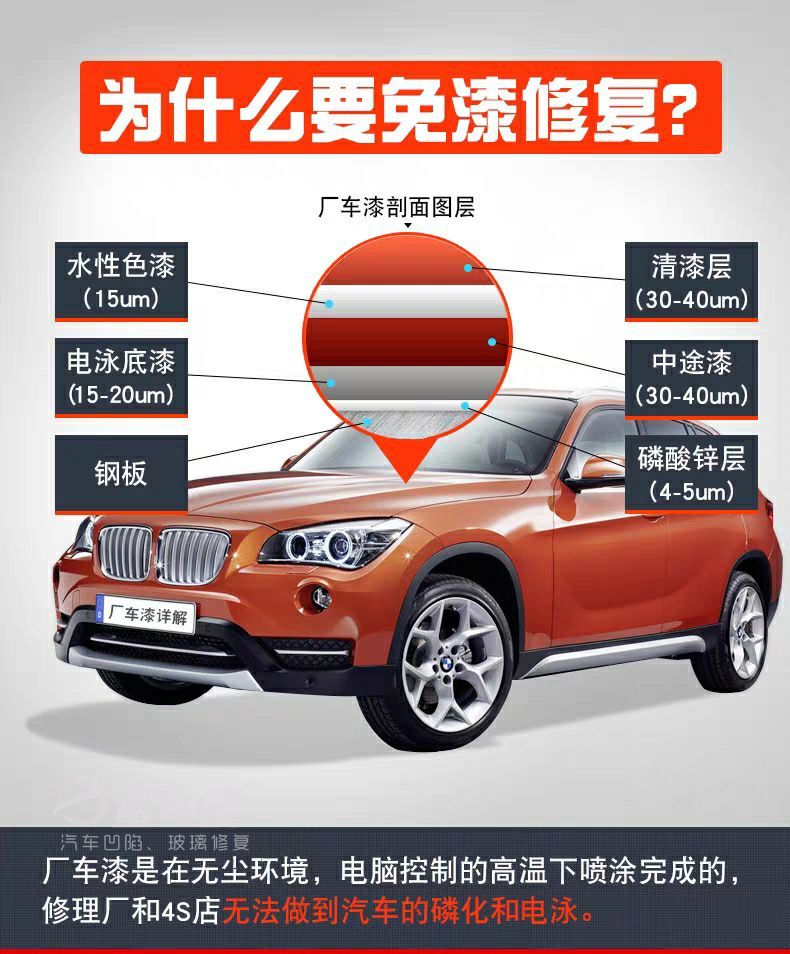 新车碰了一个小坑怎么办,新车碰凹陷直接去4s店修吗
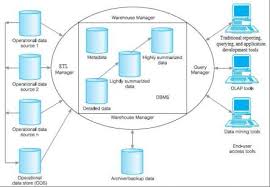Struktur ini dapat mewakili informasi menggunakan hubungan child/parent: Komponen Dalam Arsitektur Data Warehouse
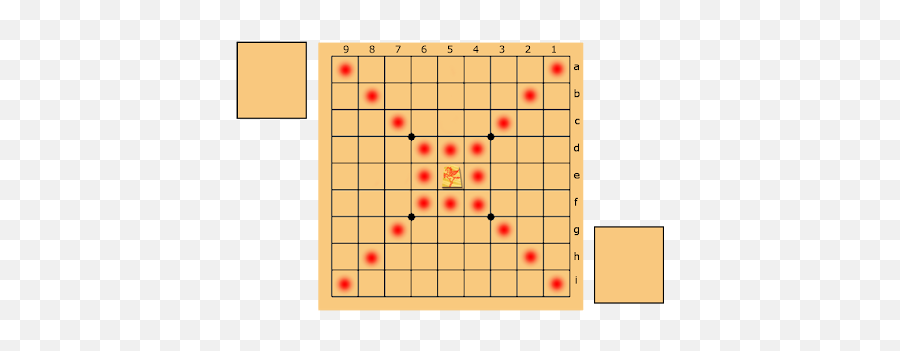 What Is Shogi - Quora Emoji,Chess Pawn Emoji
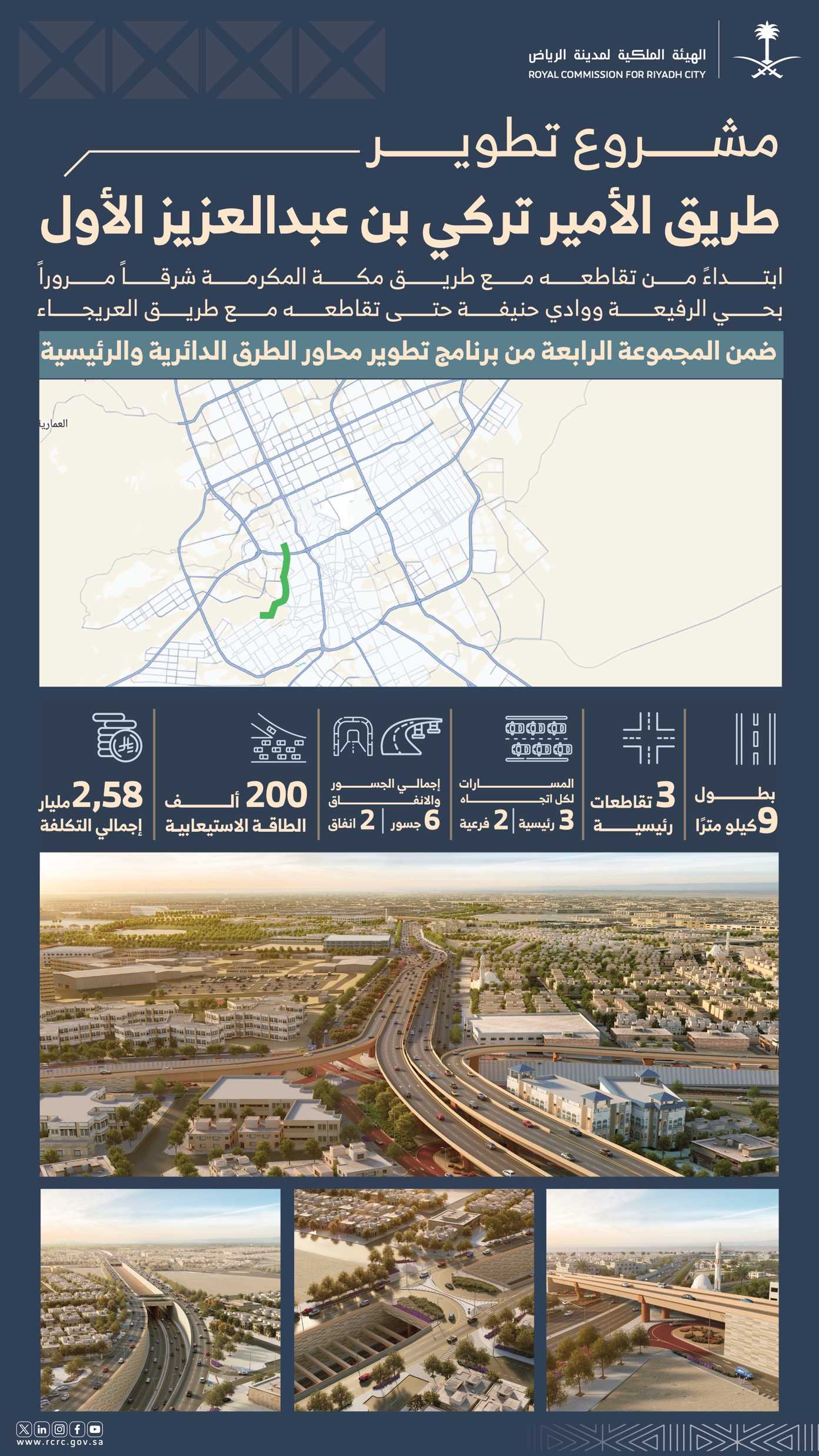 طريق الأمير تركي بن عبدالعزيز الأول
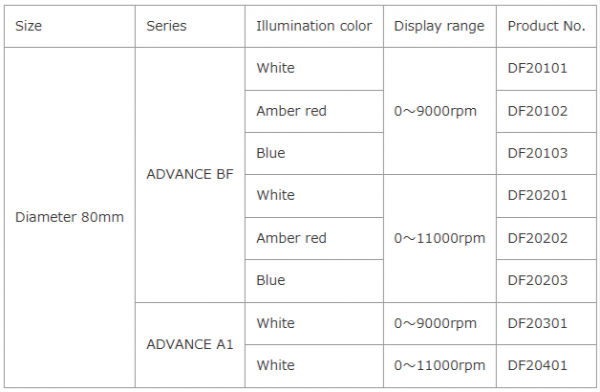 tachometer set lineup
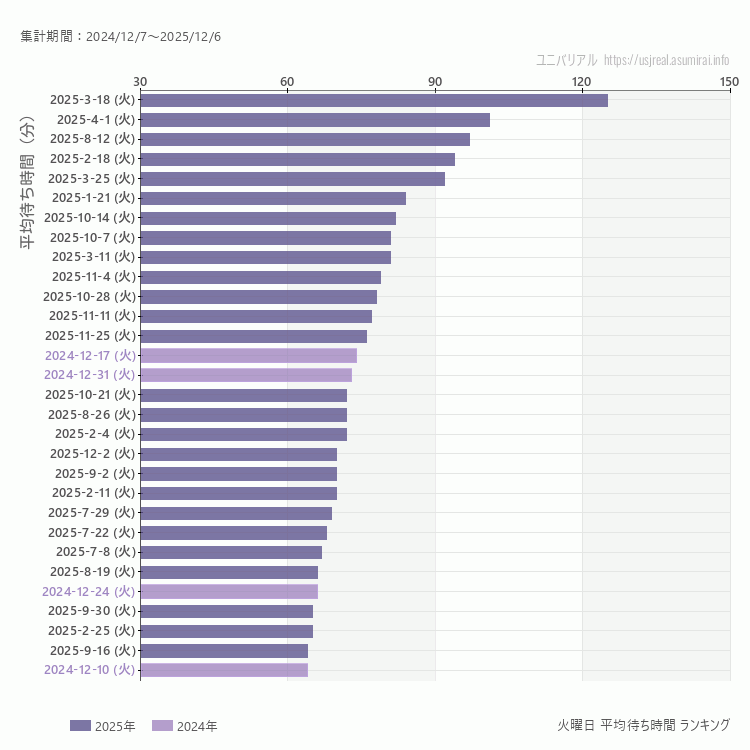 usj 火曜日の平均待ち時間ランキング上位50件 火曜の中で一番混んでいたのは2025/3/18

+---+

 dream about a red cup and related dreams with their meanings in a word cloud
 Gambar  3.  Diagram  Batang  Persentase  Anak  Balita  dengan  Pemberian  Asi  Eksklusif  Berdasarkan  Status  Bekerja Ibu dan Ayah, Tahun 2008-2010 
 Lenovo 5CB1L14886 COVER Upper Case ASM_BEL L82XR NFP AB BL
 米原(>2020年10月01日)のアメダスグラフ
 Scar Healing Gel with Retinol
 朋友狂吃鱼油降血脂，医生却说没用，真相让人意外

+---+

◆ Exercise details: Only the lines above from the one with "Lenovo 5CB1L14886 COVER" through the one with "朋友狂吃鱼油降血脂，医生却说没用，真相让人意外" should be duplicated, character for character.

◆ Finished exercise:
 Lenovo 5CB1L14886 COVER Upper Case ASM_BEL L82XR NFP AB BL
 米原(>2020年10月01日)のアメダスグラフ
 Scar Healing Gel with Retinol
 朋友狂吃鱼油降血脂，医生却说没用，真相让人意外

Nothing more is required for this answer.